The Ministry of Health and Social Services' central medical store spends at least N$1.2 billion on medicines for 80% of citizens, excluding medical services.
Registered private medical funds under the auspices of the Association of Medical Funds in Namibia (Namaf) spend at least N$800 million annually on medicine for 8% of the country's residents. For the state's medical aid fund (Psemas), the amount is at least N$1 billion for 12% of the population. Trends in the financing industry for private healthcare also show that medicine is the second highest cost driver after private hospitals.
In an effort to tackle high costs and ensure the sustainability of this financing industry, considerable progress has now been made for the implementation of the Namibian product and related prices for medicines, surgical and consumer goods. The latter will enable Namaf to introduce a standard tariff for medicines.
Pricing policy
According to Namaf's Corporate Communications and Stakeholder Relations Manager, Uatavi Mbai, the development of the government's pricing policy for pharmaceuticals will support the association's efforts to implement a local standard price for all medicines and pharmaceuticals on the market. The standard rates will ultimately support the government's efforts to introduce the pharmaceutical pricing policy. According to Mbai, a consultation process with role players will now begin in which the local standard tariff for pharmaceutical, medicinal, surgical and medical equipment as well as health products (Nappi) will be discussed.

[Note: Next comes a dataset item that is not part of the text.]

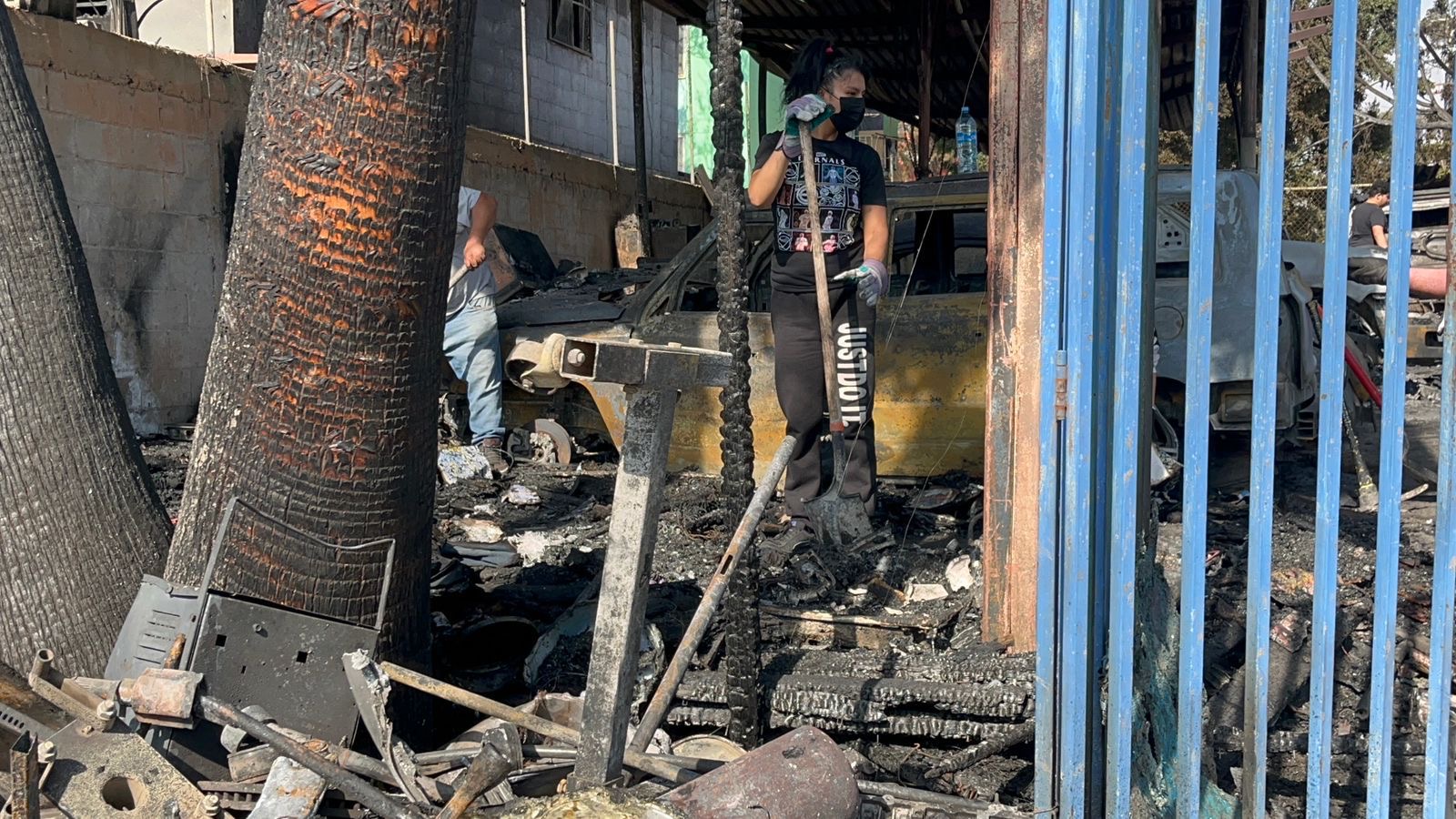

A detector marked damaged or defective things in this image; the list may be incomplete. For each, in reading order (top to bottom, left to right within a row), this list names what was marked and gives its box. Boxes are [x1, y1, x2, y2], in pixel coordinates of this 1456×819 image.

Mbai said that Namaf has been tasked with developing strategies and interventions to tackle the risk to the sustainability of the industry. In the same breath, medical funds that fall under Namaf had to devise interventions that specifically apply to the fund.
The Namibian standard or base price for medicine is the price at which a retailer (pharmacy, hospital etc.) buys the medicine from the wholesaler and which consists of the manufacturers' price as well as the wholesale margin.
The implementation of the Namibian Nappi standard tariff involves a list of medicines that are registered with the Namibian Medicines Regulatory Council (NMRC) and available in the country, as well as a transparent process during which the landing costs of medicines in Namibia can be established and maintained.
Mbai said that products from South Africa are given public domain Nappi codes which are based on the price at which goods are bought in that country from wholesalers (SEP). For all products that do not originate in the neighboring country, vendors in Namibia create a usage process and dummy codes.
"The SEP (Single Exit Price) is the base price in South Africa and consists of a cost at which goods are purchased from a factory and with a logistics tariff component (value added tax) for medication supplied to all purchasers except the state. The SEP mechanism is the maximum price that can be asked for medicine."